▶ **Aim of the task**
In the records below, find each line containing the word "with" and copy it.

▶ **The records**
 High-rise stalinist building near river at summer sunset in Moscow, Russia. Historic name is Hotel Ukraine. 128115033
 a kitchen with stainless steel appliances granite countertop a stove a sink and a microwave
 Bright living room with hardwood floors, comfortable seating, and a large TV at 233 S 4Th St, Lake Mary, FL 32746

* * *

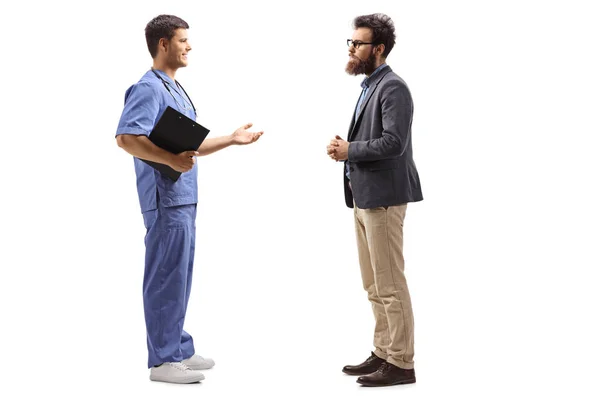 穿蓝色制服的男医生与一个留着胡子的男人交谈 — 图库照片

▶ **Completed exercise**
 a kitchen with stainless steel appliances granite countertop a stove a sink and a microwave
 Bright living room with hardwood floors, comfortable seating, and a large TV at 233 S 4Th St, Lake Mary, FL 32746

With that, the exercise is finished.